Background information
- Origin: Germany
- Genres: Black metal; post-metal; sludge metal; crust punk;
- Years active: 2008–present
- Labels: Metal Blade; Alerta Antifascista; Moment of Collapse; Shove;
- Members: Dominik Goncalves dos Reis; Anton Lisovoj; Peter Wolff; Michael Kadnar;
- Past members: Marco Mazzola; Sven; Hannes;
- Website: downfallofgaia.com

= Downfall of Gaia =

Extreme metal band

Downfall of Gaia are a German extreme metal band formed in 2008 by Dominik Goncalves dos Reis (vocals, guitar) and Anton Lisovoj (vocals, bass). Their current lineup is completed by drummer Michael Kadnar and guitarist Peter Wolff. They have released six studio albums, transforming their initial crust punk sound through the incorporation of black metal, doom metal, and post-rock influences.

== History ==
=== Formation, early releases, and Suffocating in the Swarm of Cranes (2006–2013) ===
Dominik Goncalves dos Reis and Anton Lisovoj, who knew each other from their area, started writing music together in 2006, focused on d-beat and crust punk. In 2008, they shifted towards writing longer, "epic" songs with the ambition to make more "serious" music and changed their name to Downfall of Gaia to mark a transition cemented with the addition of a second guitarist, Peter Wolff, whom they had met that year. They chose the name, which refers to Gaia, the goddess that personifies the Earth in Greek mythology, to correspond with "the lyrics and the atmosphere" of their music. The band's first drummer was replaced by Sven, who in turn was replaced in 2010 by Hannes. They released one demo, The Downfall of Gaia, in 2008, followed in 2009 by a split tape with French band Kazan and the tour EP Salvation in Darkness. Their debut studio album, Epos, was released in 2010 with the help of several independent record labels, and was described by Goncalves as incorporating more doom metal and post-rock influences. In 2011, their split LP with Swedish band In the Hearts of Emperors came out on Alerta Antifascista Records, Moment of Collapse and Shove Records. The band began performing more extensively that year, touring the East Coast of the United States with Vestiges, besides Europe in October.

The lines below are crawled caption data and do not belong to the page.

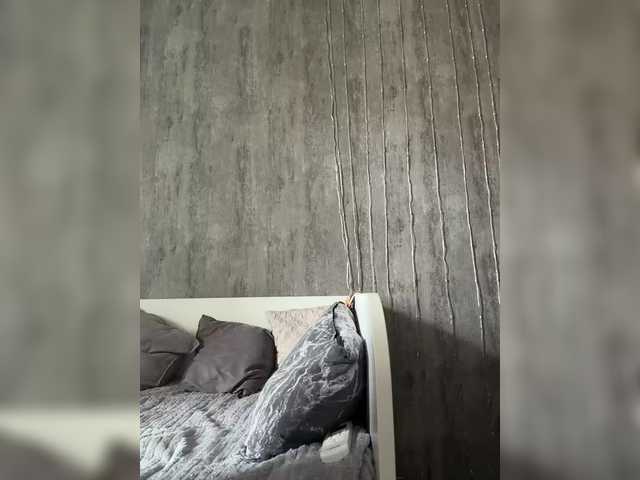 Emma4coy live cam on BongaCams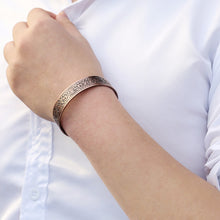 Load image into Gallery viewer, man wearing Vinci Phoenix Totems Pure Copper Magnetic Bangle
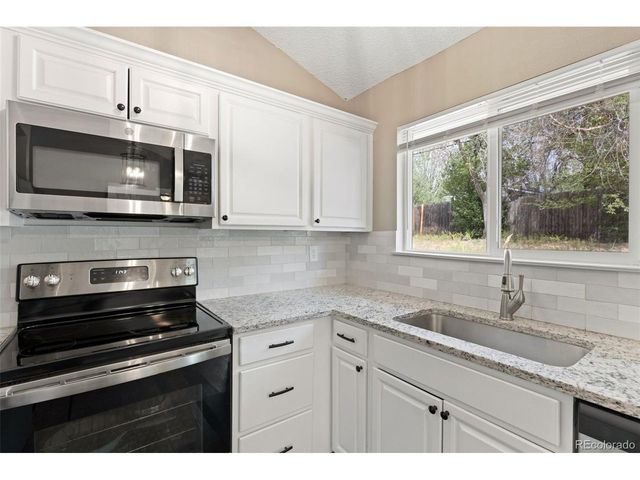 576 Lindstrom Dr, Colorado Springs, CO 80911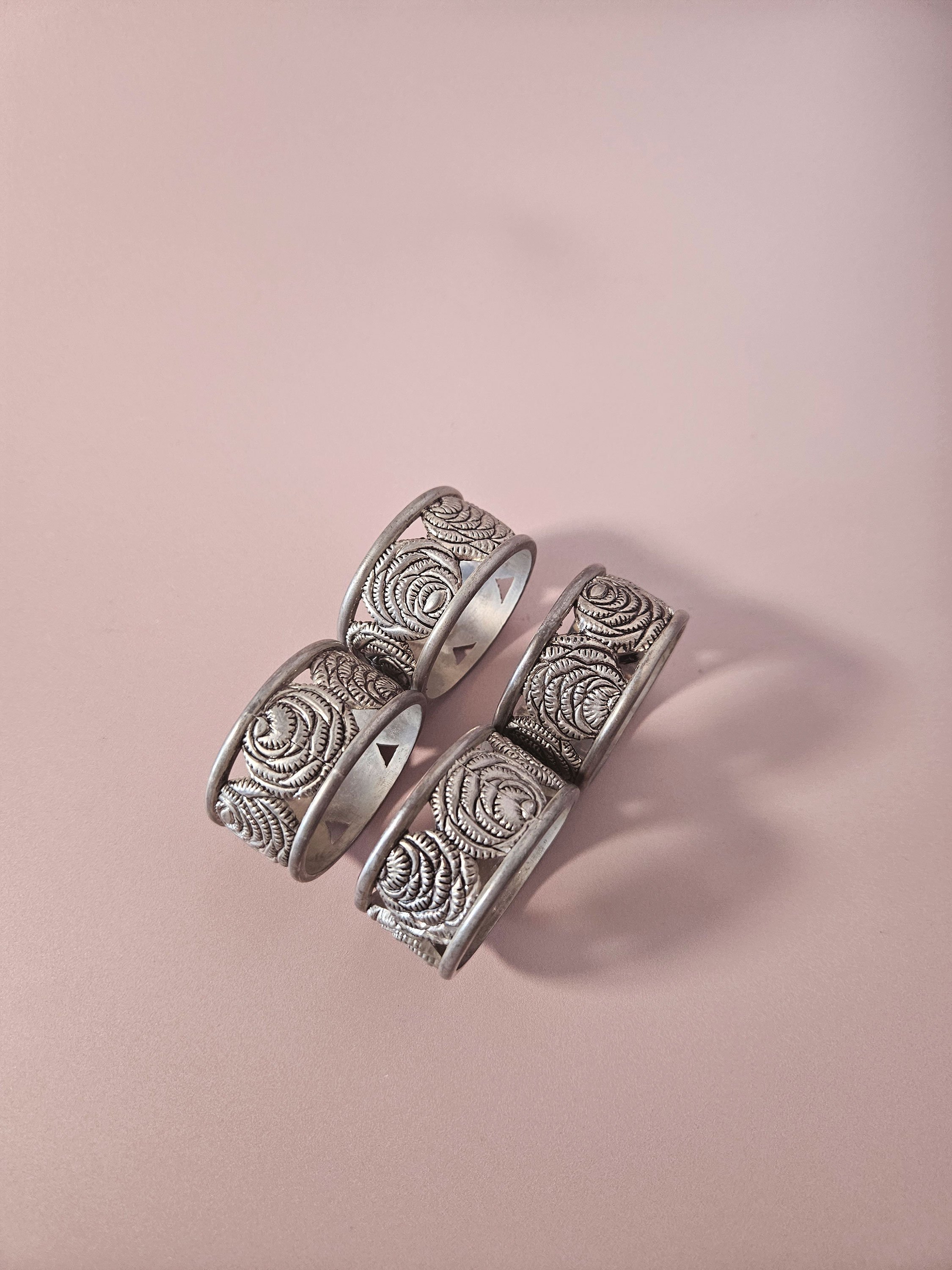 Apartment_No_10_Napkin_Rings_02.jpg
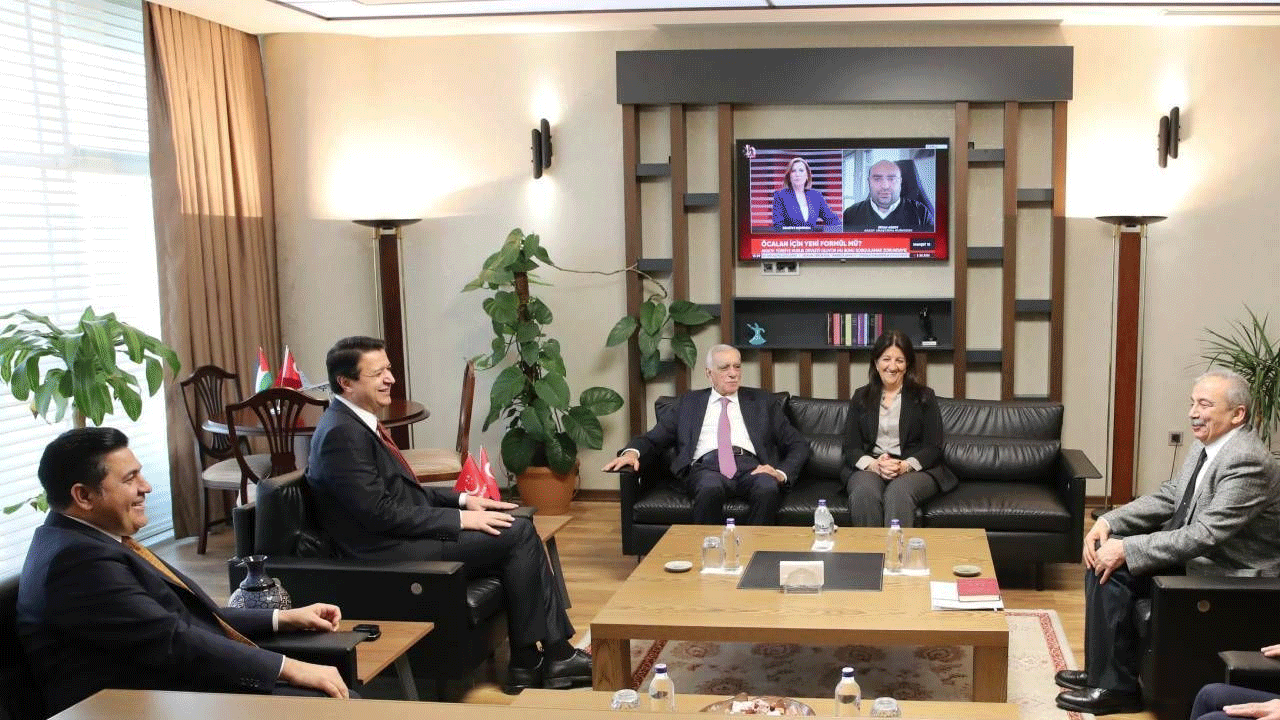 Saadet’in ezik genel başkanı! Solculara şirin gözükmek için Halk Tv müdavimi oldu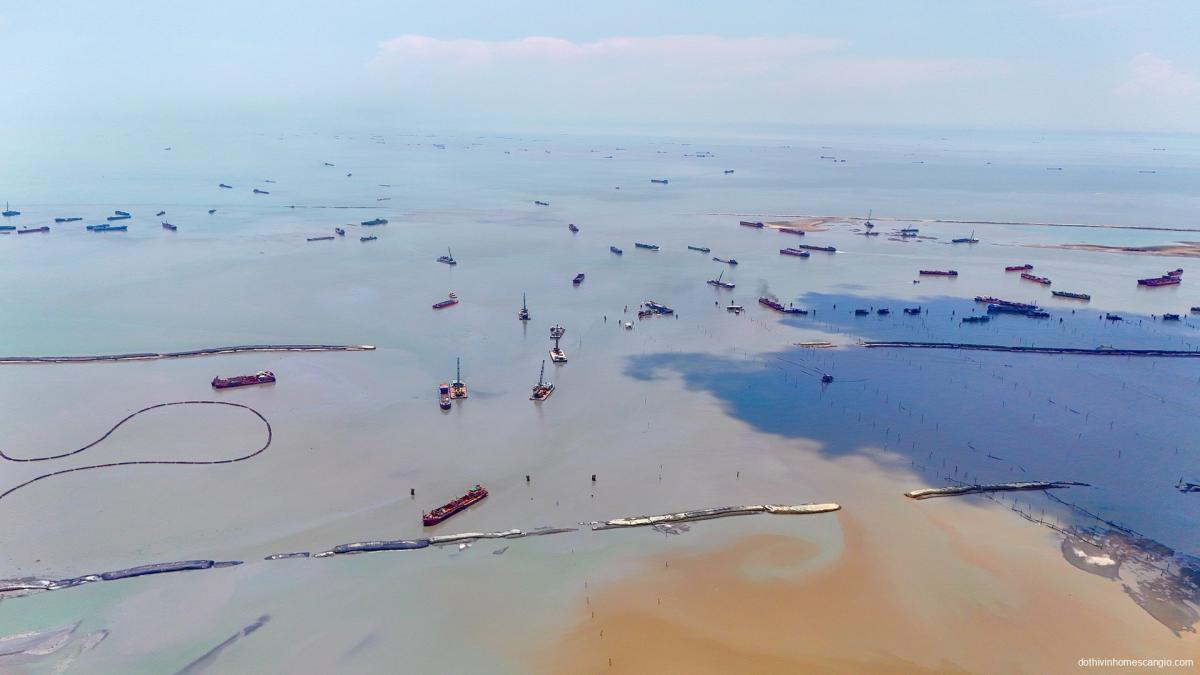 Cận cảnh 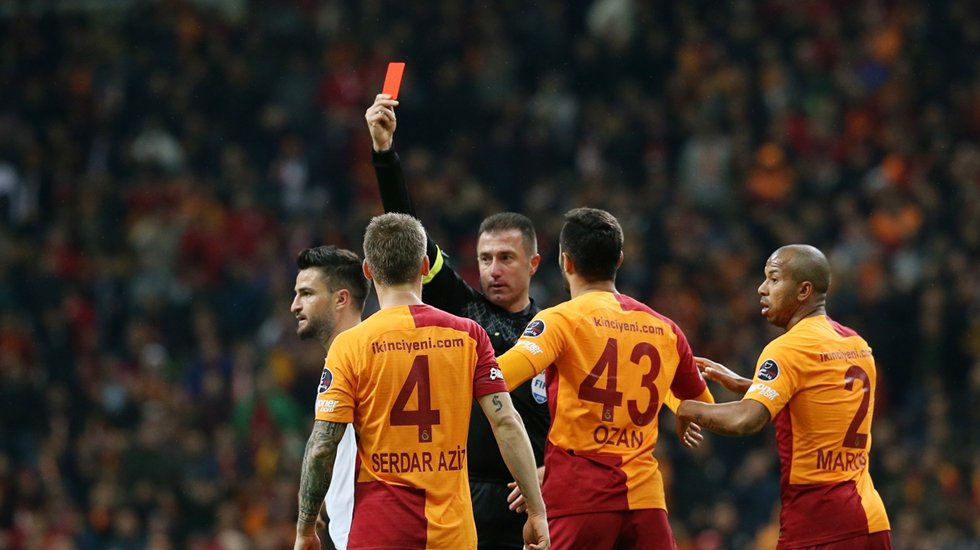 Hüseyin Göçek sahalara dönüyor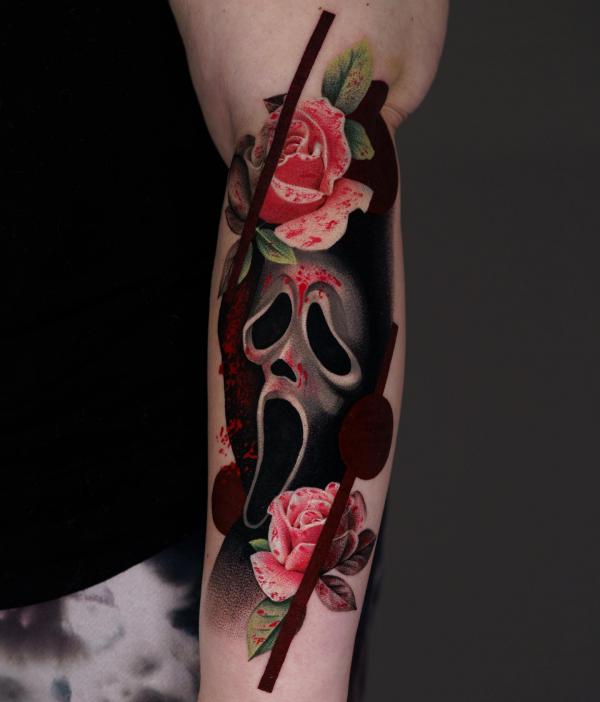 Pink roses and Ghostface from the Scream series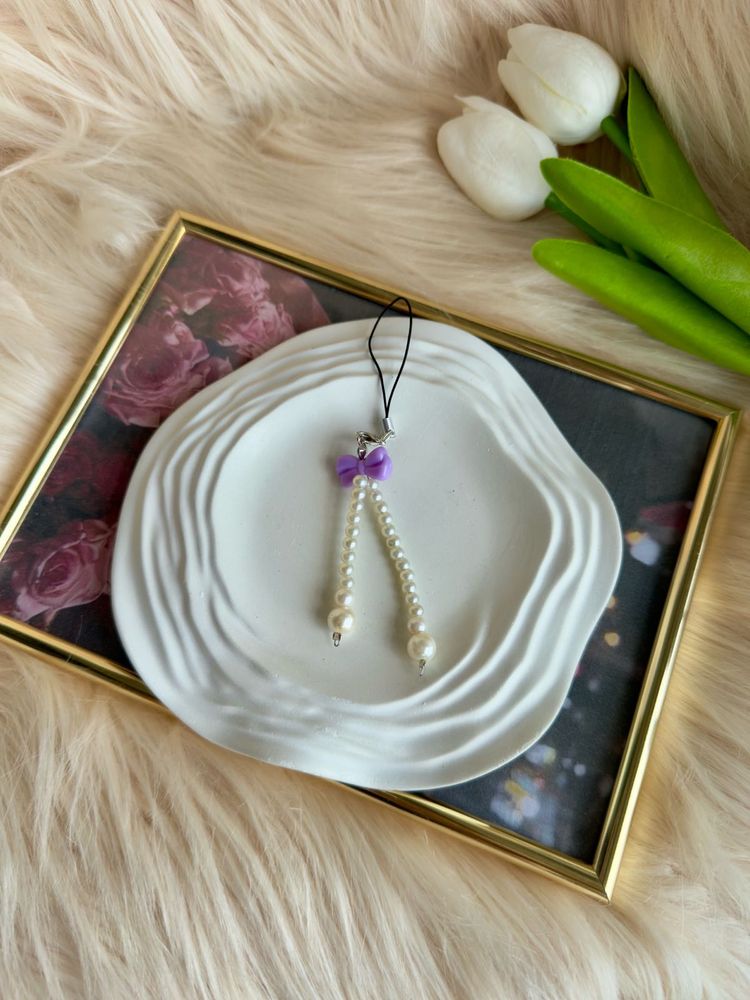 Pearl Phone Charm With Bow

Downfall of Gaia finished writing for their sophomore album Suffocating in the Swarm of Cranes in early 2012 and were contacted by Metal Blade Records a few weeks before they were scheduled to record it; they parted ways with the independent labels and signed to Metal Blade, who released the album on 10 September 2012 in the US and 8 October in Europe. It was recorded with Christoph Scheideldorf at '79 Sound Studio in Cologne, mixed by Jack Shirley of Atomic Garden Studio in the San Francisco Bay Area and mastered by James Plotkin. Suffocating in the Swarm of Cranes is a concept album about a man suffering from depression and insomnia and his gradual descend into insanity. Hannes described its style as "mixed", with "influences from sludge, black metal, hardcore or even screamo parts or post rock parts", while Kim Kelly wrote in a Pitchfork review that compared to their older work, the album "relies far more heavily on Isis-inspired post-metal and mournful, cathartic black metal for inspiration" while retaining shades of Amebix-style crust punk. The band toured Europe with Vestiges in the summer of 2012 and returned to the US in 2013, a year in which they did more than 100 concerts. In 2014, they performed with bands such as Neurosis, Toxic Holocaust and Black Tusk as well as at Hellfest 2014, an appearance which Goncalves that year described, along with getting signed to Metal Blade, as a highlight of their career.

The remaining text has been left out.